You should attend FSCI, here is why.
FSCI is a unique experience that will place you in the middle of an ongoing conversation about open access and scholarly communication. Researchers, librarians, and other specialists get together to teach, learn, and strategize, impulsing change. But FSCI is much more than that.
I first heard of Force 11 around 2013 in the context of research dissemination, open access, and (self)-archiving. Although I have been advocating Open Access without restrictions for some time, I never before had the opportunity of attending either the Force11 conferences or FSCI. A generous scholarship made it possible for me to attend FSCI 2019.
After more than 20 years of working at universities, it is easy to become nested within one’s own crowd, following familiar routines. Perhaps, for this reason, it was a stimulating experience to arrive at UCLA this past August to encounter an incredibly diverse crowd with the clear and common objective of learning about scholarly communications and finding new ways to approach the way in which we publish and distribute research.
The courses I attended were informative, challenging, but also compelling. The instructors were knowledgeable and approachable and participants, in general, contributed to a welcoming environment where it was almost impossible not to feel included. I would be hard-pressed to recall other academic events in recent years, in which I had so quickly felt at ease and as if I were part of the crowd. Moreover, the organizers made a deliberate effort to ask our opinion on almost every aspect of the summer institute.

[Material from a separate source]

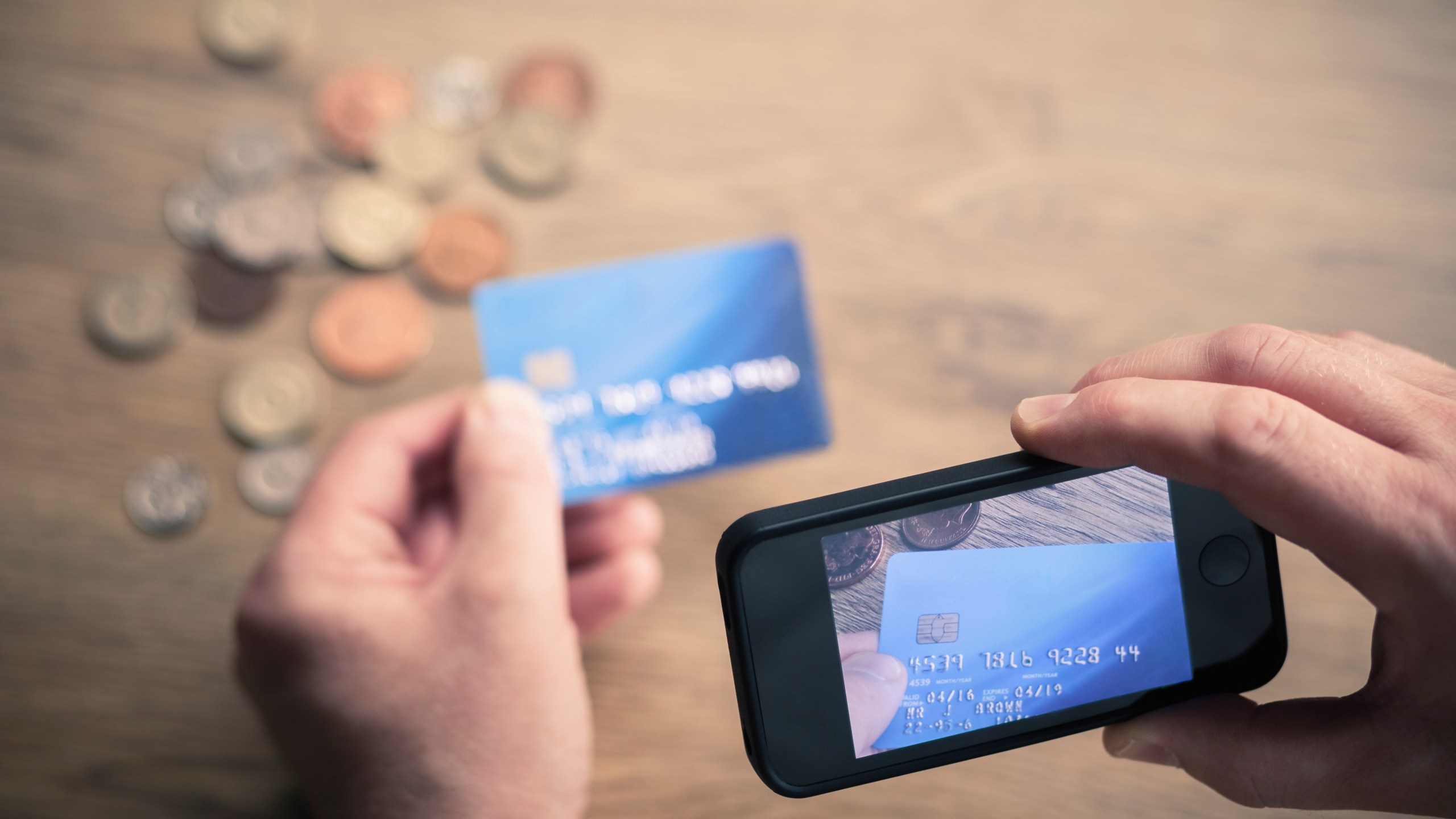 A man photographs a credit card in this undated file photo. (Getty Images)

One of the main reasons I wanted to attend FSCI 2019 was the course dictated by Thomas Hervé Mboa Nkoudou, “A Decolonized Approach to Scholarly Communication,” where I hoped to identify the ways in which structural factors uphold soft domination and tend towards the exclusion of certain parties. The course was exactly what I was hoping for and then some more. Thomas’ examples have served me well in beginning to decolonize my syllabus, as well as my own writing and research. A particularly useful resource came in the form of a set of notes for the self-assessment of citational practices, written by Angela Okune, which is useful when writing but also as a tool to measure whether other researchers’ works go beyond the status quo. For me, this prompted me to press on with the idea of building a bibliography of scholars working within the medieval studies area with a focus on BIPOC and other minorities, as well as to start such work within the field textual scholarship.

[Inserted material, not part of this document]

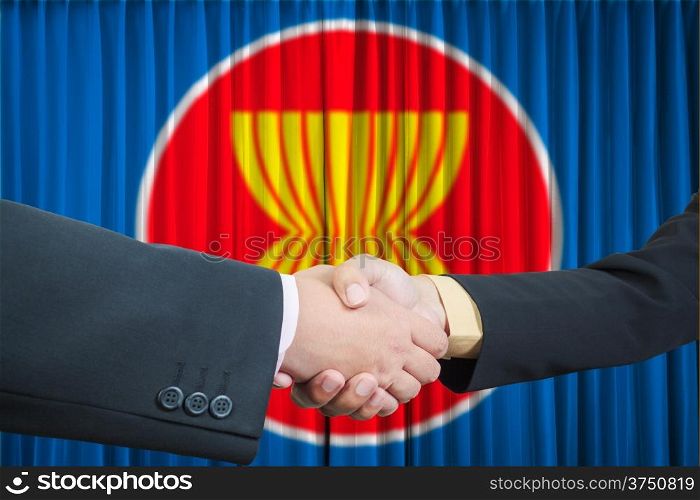 ASEAN Economic Community in businessman handshake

The linguistic register developed in the context of the course has already had an impact on my writing. The concepts of epistemic alienation and cognitive justice are fundamental to our understanding of the systemic inequalities which are still alive and well in the world of scholarly communications.

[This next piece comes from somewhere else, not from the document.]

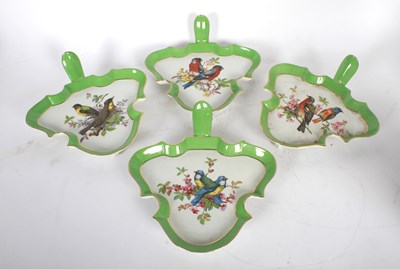 Lot 153 - A set of four porcelain dishes, each decorated...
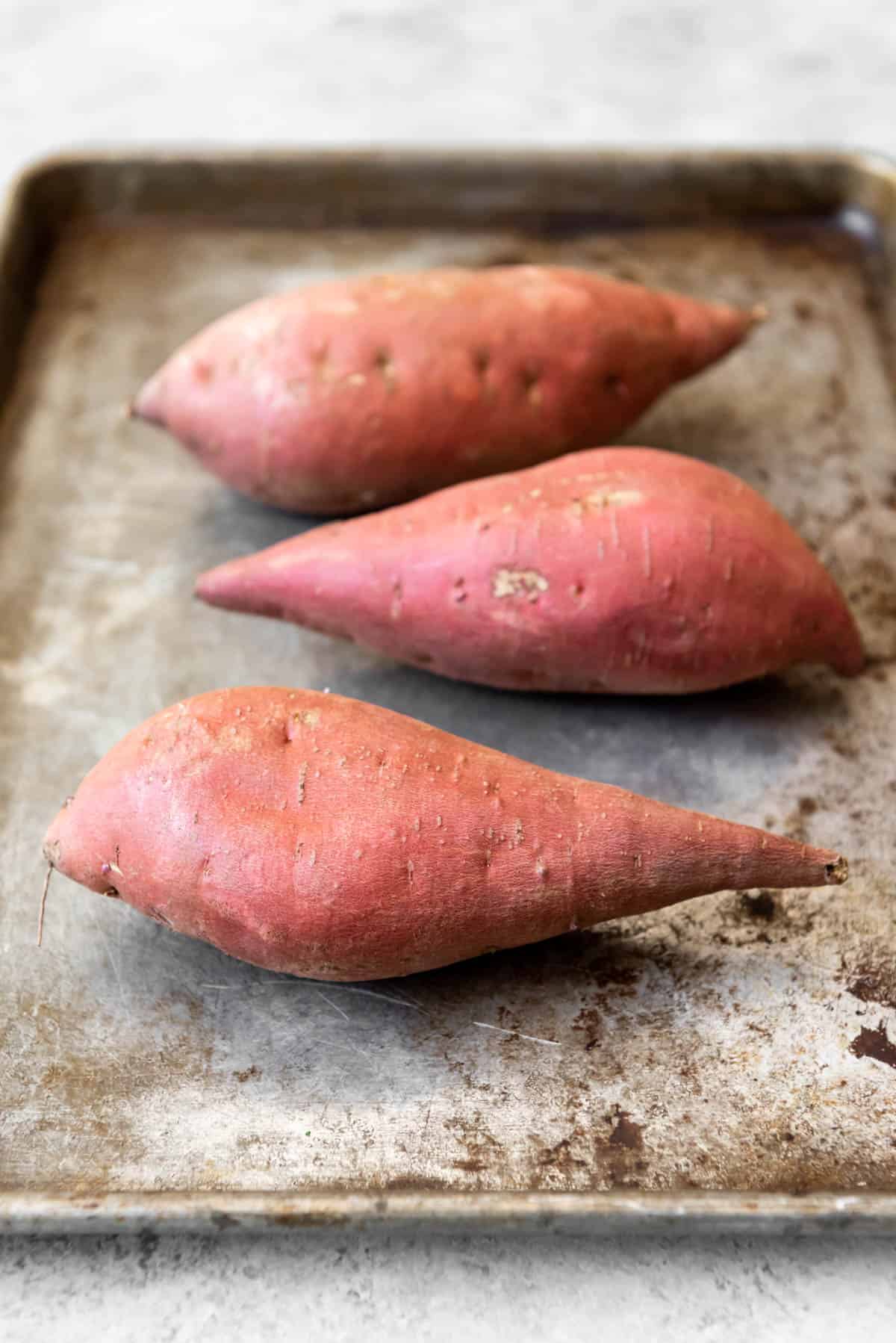An image of sweet potatoes in their skins on a pan for roasting in the oven.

At my own institution, I’m planning brief workshops based on some of the things I learned during FSCI 2019. We have scheduled a workshop entitled “Academic Identity Online” for October 2019, and we hope to offer a seminar on “Decolonized research.”
However, to list the courses, to state what one might have learned in a classroom, or to point out what initiatives sprung from having been there, would be selling FSCI short. In reality, it is the community that makes FSCI such a rich experience. The social program, with receptions, the do-a-thon, and the battledecks are an integral part of FSCI and prompted ongoing conversations on all sorts of topics relating to scholarly communications and possible collaborative enterprises.
Anyone who has not yet attended FSCI should plan to be there in 2020. If you decide to attend, you should make sure you participate in all the less-structured events (the lightning talks, the do-a-thon, birds-of-a-feather), if you do, you might come up with great ideas to implement in your own institution, your research, and even your day-to-day life.